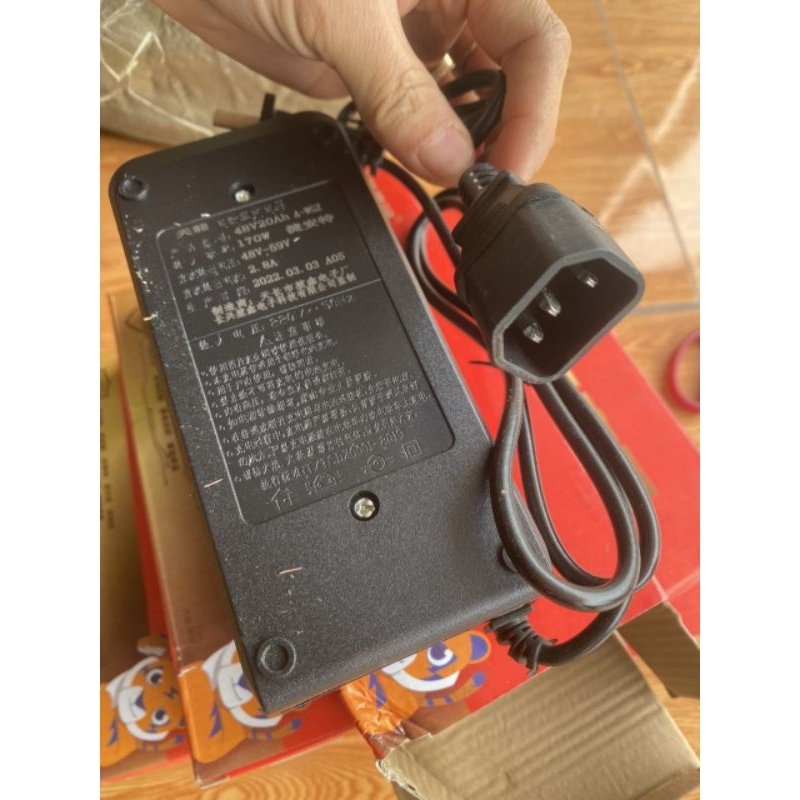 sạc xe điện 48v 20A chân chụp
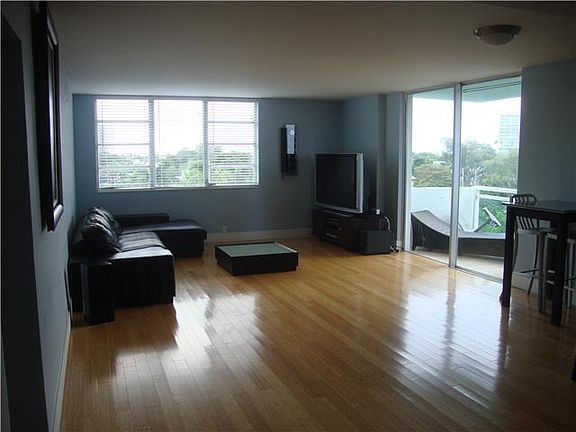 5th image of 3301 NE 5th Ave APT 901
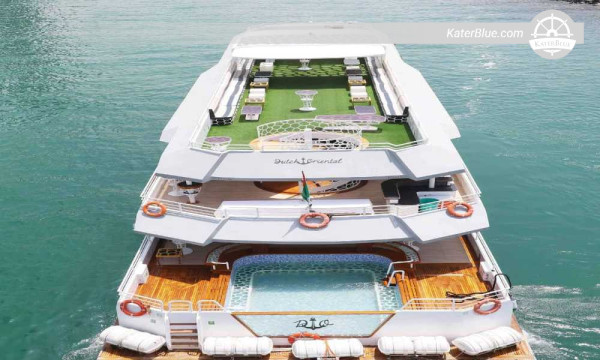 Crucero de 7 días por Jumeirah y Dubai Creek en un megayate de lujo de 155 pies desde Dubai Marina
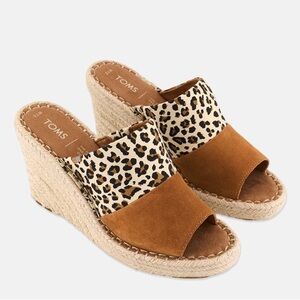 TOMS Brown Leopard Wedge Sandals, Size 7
____________
ABOUT THIS TASK: From the line containing "Crucero de 7" down to the last line of the data above, transcribe exactly those lines and no others; omit the pictures.

ANSWER SPACE:
 Crucero de 7 días por Jumeirah y Dubai Creek en un megayate de lujo de 155 pies desde Dubai Marina
 TOMS Brown Leopard Wedge Sandals, Size 7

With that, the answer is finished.